I Reasoning for circular/elliptical orbits

[Ibix]

Something about conservation of angular momentum and force being monotonically decreasing but I can't get the clear reasoning...

In a conservative force field, work done around a closed loop is zero. Draw any path from some point at radius $r_1$ to some point at radius $r_2$, and another path connecting another two points at $r_1$ and $r_2$. Close the loop by adding paths of constant $r$ connecting the lower ends of the paths to each other and the upper ends to each other. Because the force is central, no work is done along the paths of constant $r$. So the work done along the other two sides must be equal. But those paths are arbitrary - so the work done moving from one radius to another cannot depend on anything except the radii.

 

[Orodruin]

and the clear why? Something about conservation of angular momentum and force being monotonically decreasing but I can't get the clear reasoning...

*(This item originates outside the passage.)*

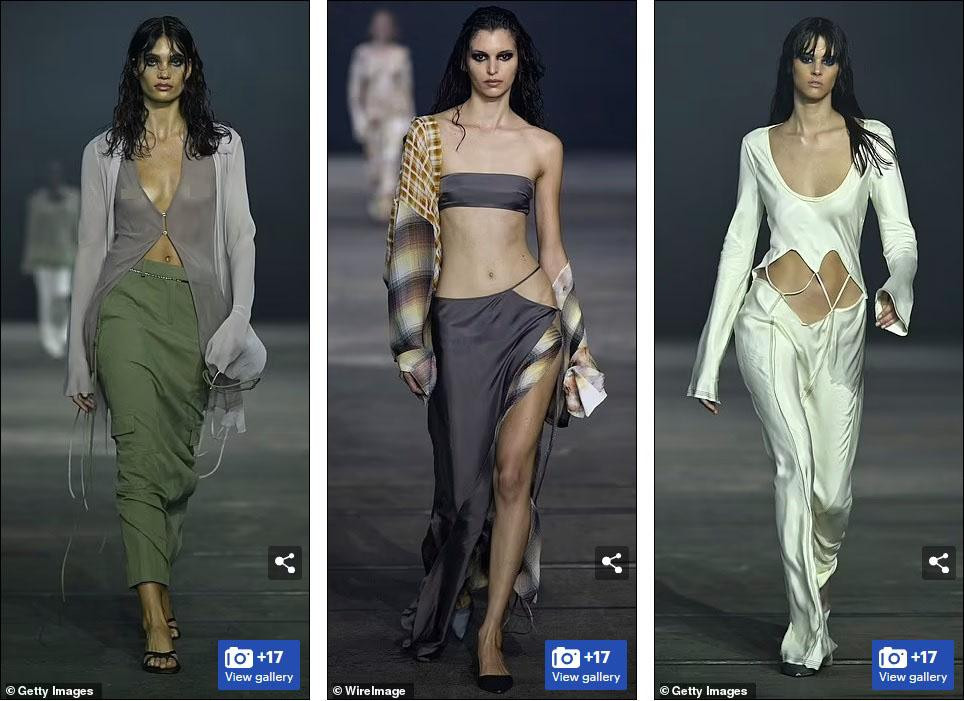 Tại Tuần lễ Thời trang Úc, Bec and Bridge đã ra mắt bộ sưu tập Twenty One do Bec Cooper và Bridget Yorston thiết kế nhân “cột mốc” quan trọng của thương hiệu.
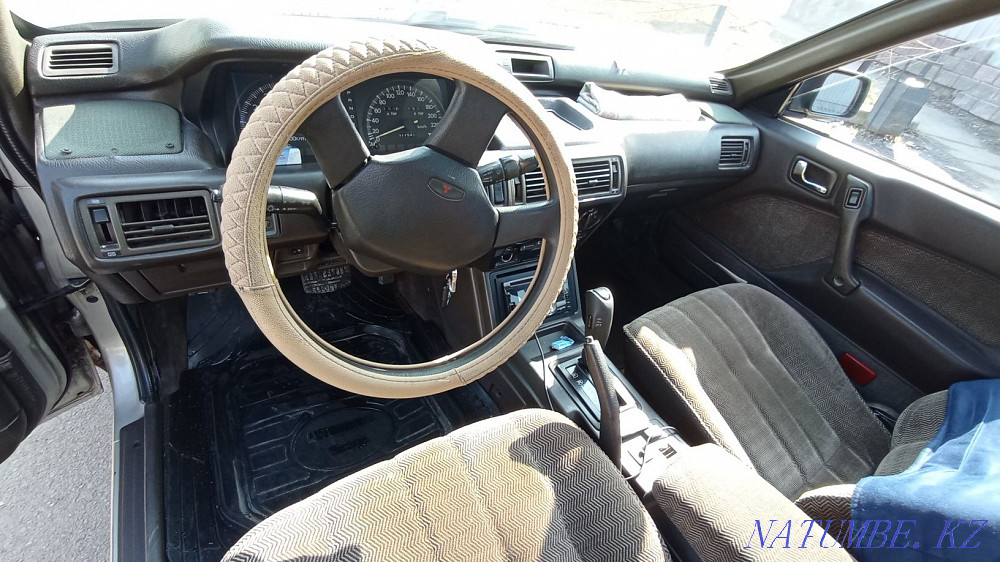 Mitsubishi Galant    year Almaty - photo 7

Launch angle is not totally irrelevant btw, what if I launch the object with escape velocity towards the center of the earth? e hehe

The clear why is that both the gravitational potential and the angular momentum barrier of the effective radial 1D problem both go to zero at infinity. Therefore, any solution with energy > 0 will approach infinite radius

 

[Delta2]

The clear why is that both the gravitational potential and the angular momentum barrier of the effective radial 1D problem both go to zero at infinity. Therefore, any solution with energy > 0 will approach infinite radius

Ehm , what do you mean by "effective radial 1D problem". On the second sentence you probably mean any solution with energy>escape energy not energy >0.

 

[Orodruin]

Ehm , what do you mean by "effective radial 1D problem".

Using conservation of angular momentum, the equations of motion In a central potential can be rewritten as
$$
E = \frac{m \dot r^2}{2} + V(r) + \frac{L^2}{2mr^2}
$$
This is a one-dimensional kinematic problem in potential $V(r) + L^2/2mr^2$ (the latter term is what is called the angular momentum barrier and prevents reaching $r=0$ unless $L=0$).

On the second sentence you probably mean any solution with energy>escape energy not energy >0.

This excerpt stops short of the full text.